◆ **What is expected**: For every line in the records below that holds "Leather", make a copy.

◆ **Records excerpted from a collection**:
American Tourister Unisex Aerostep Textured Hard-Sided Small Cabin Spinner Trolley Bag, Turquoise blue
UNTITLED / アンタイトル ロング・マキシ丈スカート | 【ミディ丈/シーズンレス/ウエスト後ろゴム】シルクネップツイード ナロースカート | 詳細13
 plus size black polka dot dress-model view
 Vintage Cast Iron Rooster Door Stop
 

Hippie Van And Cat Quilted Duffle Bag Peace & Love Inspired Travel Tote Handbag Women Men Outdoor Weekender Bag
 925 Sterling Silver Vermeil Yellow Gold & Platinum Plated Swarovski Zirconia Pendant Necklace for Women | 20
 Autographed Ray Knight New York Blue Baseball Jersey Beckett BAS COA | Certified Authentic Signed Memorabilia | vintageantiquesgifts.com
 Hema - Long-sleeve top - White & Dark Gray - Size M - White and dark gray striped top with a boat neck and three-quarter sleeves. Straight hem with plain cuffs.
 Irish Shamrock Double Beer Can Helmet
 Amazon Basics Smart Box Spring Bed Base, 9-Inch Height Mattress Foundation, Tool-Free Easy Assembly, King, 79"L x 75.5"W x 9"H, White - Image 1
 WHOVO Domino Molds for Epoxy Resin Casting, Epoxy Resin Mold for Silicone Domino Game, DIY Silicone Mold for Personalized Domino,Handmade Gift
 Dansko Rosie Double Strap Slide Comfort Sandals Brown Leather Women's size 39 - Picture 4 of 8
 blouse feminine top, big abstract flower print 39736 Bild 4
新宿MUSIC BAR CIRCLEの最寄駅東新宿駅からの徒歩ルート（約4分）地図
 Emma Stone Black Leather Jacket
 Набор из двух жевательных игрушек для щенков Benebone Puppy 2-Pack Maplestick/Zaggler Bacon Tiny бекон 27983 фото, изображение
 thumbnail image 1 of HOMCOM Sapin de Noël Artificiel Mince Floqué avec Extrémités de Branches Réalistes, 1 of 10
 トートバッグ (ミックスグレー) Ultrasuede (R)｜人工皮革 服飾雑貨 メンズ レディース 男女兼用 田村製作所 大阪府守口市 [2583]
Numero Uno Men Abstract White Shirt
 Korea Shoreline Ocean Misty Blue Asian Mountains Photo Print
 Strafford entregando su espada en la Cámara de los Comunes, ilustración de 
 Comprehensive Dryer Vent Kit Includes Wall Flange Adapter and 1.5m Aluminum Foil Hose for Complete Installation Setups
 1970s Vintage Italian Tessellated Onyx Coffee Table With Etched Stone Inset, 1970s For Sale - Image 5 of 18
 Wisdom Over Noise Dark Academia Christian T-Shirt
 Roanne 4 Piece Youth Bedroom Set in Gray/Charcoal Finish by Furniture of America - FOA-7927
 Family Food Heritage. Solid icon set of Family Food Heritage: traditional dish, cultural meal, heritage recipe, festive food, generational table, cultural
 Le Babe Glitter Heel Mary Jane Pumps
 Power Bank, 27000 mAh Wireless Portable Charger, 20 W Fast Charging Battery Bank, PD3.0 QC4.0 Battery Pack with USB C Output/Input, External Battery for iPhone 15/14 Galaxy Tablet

◆ **Task response**:
 Dansko Rosie Double Strap Slide Comfort Sandals Brown Leather Women's size 39 - Picture 4 of 8
 Emma Stone Black Leather Jacket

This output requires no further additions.